This work demonstrates that the hierarchical tries with recursive search can be used to build passive monitoring systems that can monitor tens of thousands of IoT devices in real time, with fast reconfiguration when devices are added or removed.
In Section 2 of this paper, the network scenario is presented, selected algorithms are described, and the methodology for performance evaluation is explained. In Section 3, the algorithms are compared using several performance metrics. Section 4 concludes the paper.

2. Methodology

2.1. Scenario

We consider an ISP offering network connectivity to IoT devices. These devices are separated into different groups. The network provider assigns addresses to the devices in order to create these groups. For example, a group could contain all of the devices in one building (or in the same region), or all of the devices with the same type of sensor. For some IoT applications (e.g., ubiquitous sensors), these groups may contain hundreds of thousands of devices, each one with an individual network address.
Network addresses are a sequence of bits that is used as a network locator, and are assigned according to the network protocol (IPv4, IPv6…).

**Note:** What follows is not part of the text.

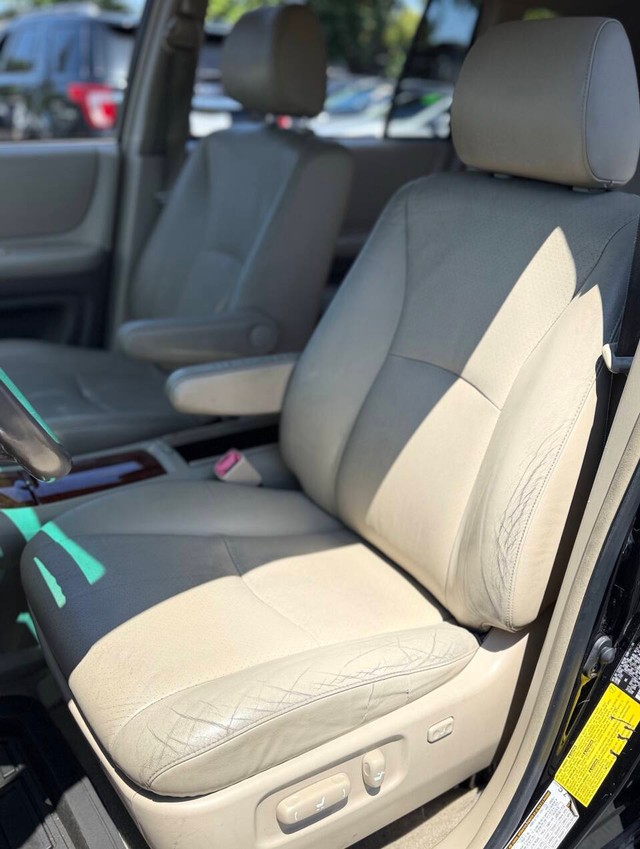 Toyota Highlander Hybrid Vehicle Full-screen Gallery Image 12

Different protocols use different numbers of bits in the sequence (32 in IPv4, 128 in IPv6...) or even variable length addresses. A given host, such as the controller for a group of devices, will be assigned a well-known network address. Groups of devices in the same network will be assigned an address in the same so-called subnetwork, namely a set of addresses with the same prefix bits. The first p bits in an address are called a prefix of size p.
Monitoring traffic from a large population of IoT devices requires classifying traffic coming from or going to different single network addresses or network address prefixes. Figure 2 shows the scenario under consideration. Several groups of devices communicate with different destinations through the ISP’s network. This communication is bidirectional; the controllers may send requests to the devices, and the devices may send data to the controlling hubs. Monitoring this communication implies separating different views of the traffic. We can examine traffic from a single device or from a group of devices. We can be interested in traffic from a group of devices to one controlling server, or in the opposite direction from one controlling hub to a group of devices. It may be interesting to separate traffic from groups of devices to any address to detect whether devices are being used to perform denial-of-service attacks to Internet targets, or detect communications with suspected malware hubs.
An ISP monitoring system has to cope with this diversity of traffic flows. Every flow of interest can be described by a source and a destination. Every source and destination may be a single network address or a group of addresses given by a network address prefix with a length of p bits. We define a class as any combination of source and destination addresses in which the monitoring system is interested. A passive monitoring device that examines every network packet going through the ISP’s network has to decide whether the packet belongs to any possible class of interest.
We denote C = { C i } , where C i = ( s i , d i ) is the set of classes of interest for the monitoring system. The elements of C are our traffic-flow classes.
s i is a source prefix, and d i is a destination prefix. They may be prefixes, full addresses (a prefix of n bits), or the “any host” address (represented by a prefix with 0 bits).
S is the set of source prefixes of interest S = { s i } . The number of elements in S is N S . Similarly, D is the set of destination prefixes of interest D = { d i } . The number of elements in D is N D . C is the set of classes of interest. C is a subset of the Cartesian product S x D .
The number of elements of C that can be used may be as large as N S   x   N D , in case we are interested in every possible source–destination combination. In a real scenario, only a subset of these combinations will have to be monitored, and the number of classes in the set will be N C < N S   N D .
As the number of addresses and prefixes of interest increases, it is more difficult for traffic-processing software to classify packets on a larger set of classes in real time.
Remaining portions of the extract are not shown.